Небо оно ведь разное бывает. Я не про закаты-рассветы-грозы говорю. Наверное, сравнить небо с бутылочным стеклом было бы самым правильным. Не со стеклом бутылки многократно дублированной на заводском конвейере, нет! Это - очень старая бутылка - ручной работы, тогда ещё и конвейеров не было, многократно остывавшая и разогреваемая в горниле, до того как приобрела задуманную форму.
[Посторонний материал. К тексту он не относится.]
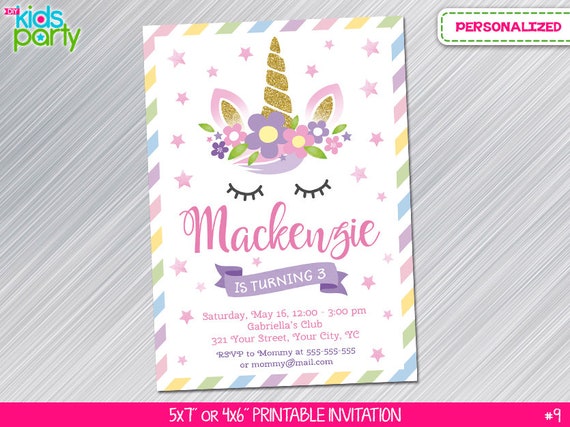Unicorn Invitation Print Yourself, Unicorn party, Unicorn Birthday Invitation, Unicorn and Flowers Invitation, Unicorn and Flowers Il_570xn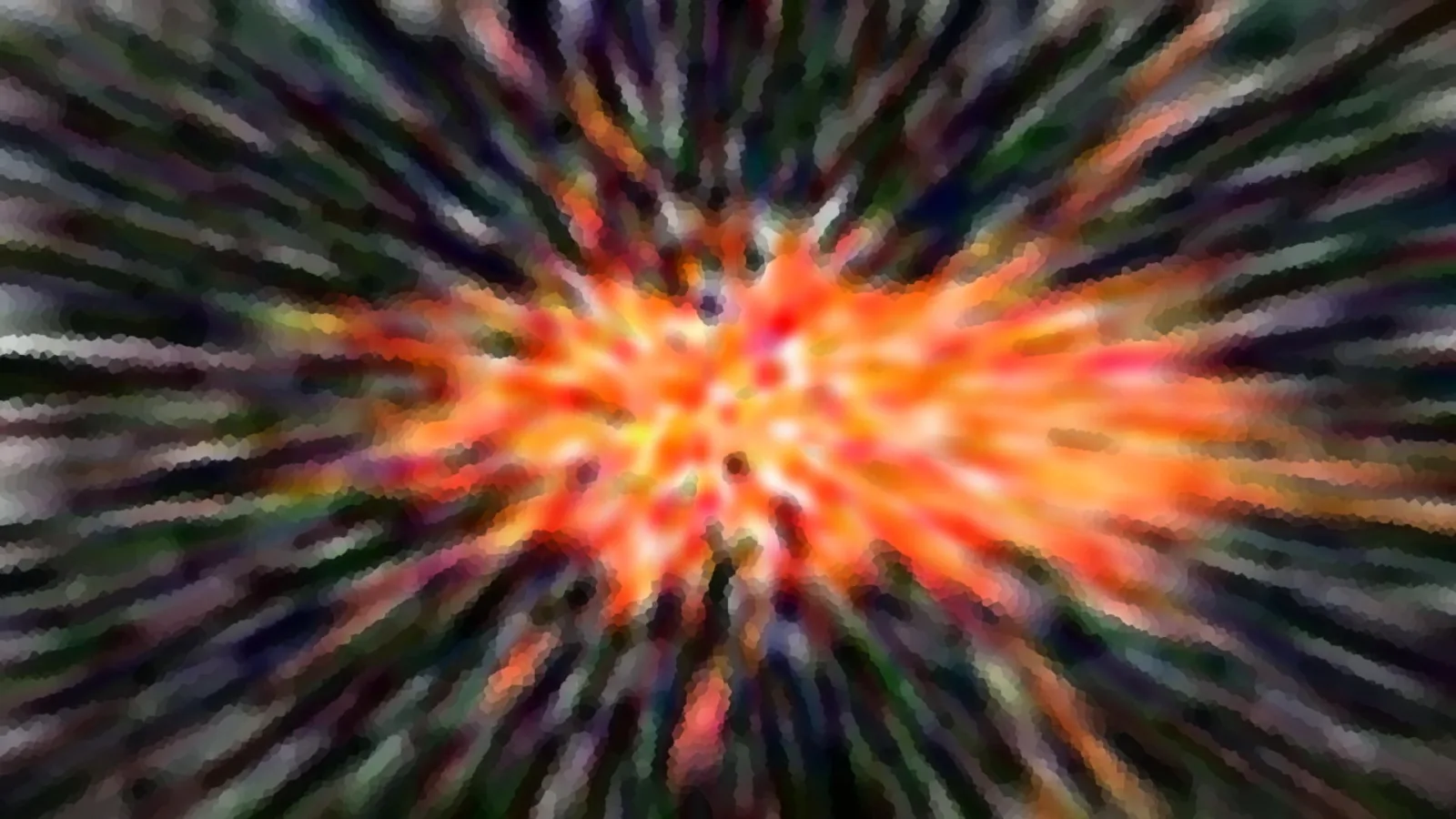 Abstrakte Komposition mit einem leuchtend orangefarbenen Zentrum, von dem sich dunkelgrüne und bunte Streifen radial nach außen ziehen.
Иногда бутылка поворачивается к тебе толстым боком, как глухой стеной. Вполне возможно, что в этот момент в небе, если очень хорошо присмотреться, можно увидеть своё отражение. Тогда и всё остальное, что там у тебя за спиной, тоже отразится. И видеть это иногда тоже не очень приятно. Кораблю, готовящемуся вот-вот отправится в кругосветку, тоже не слишком приятно думать о якоре, особенно, если капитана задерживают скучные, но очень важные обязательства.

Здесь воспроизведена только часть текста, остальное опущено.